» **Dataset records**:
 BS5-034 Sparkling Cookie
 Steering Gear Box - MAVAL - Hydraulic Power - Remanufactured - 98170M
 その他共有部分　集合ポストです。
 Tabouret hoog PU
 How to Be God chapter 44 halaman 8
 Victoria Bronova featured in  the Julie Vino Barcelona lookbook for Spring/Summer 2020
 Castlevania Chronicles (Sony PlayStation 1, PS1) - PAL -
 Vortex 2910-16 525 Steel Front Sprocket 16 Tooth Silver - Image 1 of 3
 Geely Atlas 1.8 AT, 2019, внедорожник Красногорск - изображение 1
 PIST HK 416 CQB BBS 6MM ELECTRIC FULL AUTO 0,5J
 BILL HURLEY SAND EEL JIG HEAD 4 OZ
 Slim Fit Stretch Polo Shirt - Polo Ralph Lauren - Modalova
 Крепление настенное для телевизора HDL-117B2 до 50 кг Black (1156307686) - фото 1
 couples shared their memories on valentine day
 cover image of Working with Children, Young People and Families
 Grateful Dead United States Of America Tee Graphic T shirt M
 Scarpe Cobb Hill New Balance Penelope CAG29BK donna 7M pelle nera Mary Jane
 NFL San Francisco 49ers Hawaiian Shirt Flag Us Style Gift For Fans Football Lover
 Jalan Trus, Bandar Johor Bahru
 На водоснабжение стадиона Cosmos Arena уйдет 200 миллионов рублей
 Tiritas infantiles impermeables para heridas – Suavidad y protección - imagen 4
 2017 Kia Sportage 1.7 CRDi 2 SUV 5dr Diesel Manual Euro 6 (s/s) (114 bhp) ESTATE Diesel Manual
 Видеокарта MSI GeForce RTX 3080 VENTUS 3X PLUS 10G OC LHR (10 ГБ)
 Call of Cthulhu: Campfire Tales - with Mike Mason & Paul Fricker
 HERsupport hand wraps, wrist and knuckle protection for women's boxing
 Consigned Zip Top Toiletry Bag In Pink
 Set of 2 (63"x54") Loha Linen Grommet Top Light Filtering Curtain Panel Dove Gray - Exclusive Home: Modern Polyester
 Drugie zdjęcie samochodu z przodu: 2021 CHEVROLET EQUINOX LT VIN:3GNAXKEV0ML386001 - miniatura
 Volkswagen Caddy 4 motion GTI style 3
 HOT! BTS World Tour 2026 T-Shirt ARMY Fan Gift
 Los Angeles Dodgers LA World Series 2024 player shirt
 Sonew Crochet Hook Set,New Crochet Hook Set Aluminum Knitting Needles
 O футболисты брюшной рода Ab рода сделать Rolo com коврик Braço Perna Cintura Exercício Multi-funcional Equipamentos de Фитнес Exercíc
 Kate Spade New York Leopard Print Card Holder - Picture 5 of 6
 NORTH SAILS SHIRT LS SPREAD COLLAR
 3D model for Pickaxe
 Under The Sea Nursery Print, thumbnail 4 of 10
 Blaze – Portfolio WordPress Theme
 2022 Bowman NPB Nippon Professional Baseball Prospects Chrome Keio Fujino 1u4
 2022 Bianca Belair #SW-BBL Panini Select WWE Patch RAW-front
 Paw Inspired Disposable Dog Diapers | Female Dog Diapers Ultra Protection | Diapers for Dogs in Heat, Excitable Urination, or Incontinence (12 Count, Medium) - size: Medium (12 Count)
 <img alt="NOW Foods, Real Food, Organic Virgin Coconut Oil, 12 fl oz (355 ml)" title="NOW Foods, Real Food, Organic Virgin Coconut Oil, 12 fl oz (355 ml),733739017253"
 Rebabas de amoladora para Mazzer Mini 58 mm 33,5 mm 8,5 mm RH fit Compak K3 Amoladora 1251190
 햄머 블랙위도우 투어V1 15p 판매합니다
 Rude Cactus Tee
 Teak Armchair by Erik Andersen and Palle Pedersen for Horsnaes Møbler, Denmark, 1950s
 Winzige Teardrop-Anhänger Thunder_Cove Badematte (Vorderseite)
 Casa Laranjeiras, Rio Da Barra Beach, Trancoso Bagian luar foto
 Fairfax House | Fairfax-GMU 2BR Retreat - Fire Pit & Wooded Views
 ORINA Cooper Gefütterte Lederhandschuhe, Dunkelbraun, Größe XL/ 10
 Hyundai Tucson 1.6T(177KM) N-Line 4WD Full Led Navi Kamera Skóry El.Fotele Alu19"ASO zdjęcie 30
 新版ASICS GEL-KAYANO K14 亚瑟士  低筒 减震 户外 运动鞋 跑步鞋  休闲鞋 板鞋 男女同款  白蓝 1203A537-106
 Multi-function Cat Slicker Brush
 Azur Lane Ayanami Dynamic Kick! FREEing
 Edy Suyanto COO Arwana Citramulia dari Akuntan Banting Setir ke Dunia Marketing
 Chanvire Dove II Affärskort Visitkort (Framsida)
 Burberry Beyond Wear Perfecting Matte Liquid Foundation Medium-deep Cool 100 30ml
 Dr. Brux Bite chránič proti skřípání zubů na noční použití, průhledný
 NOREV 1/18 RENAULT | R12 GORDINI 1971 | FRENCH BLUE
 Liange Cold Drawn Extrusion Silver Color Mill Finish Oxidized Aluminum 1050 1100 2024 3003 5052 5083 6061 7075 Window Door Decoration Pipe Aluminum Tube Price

» **Task item**: What is the number of lines in the data above that include the word "Medium"? Answer with that number only.

» **Response to this task**: 2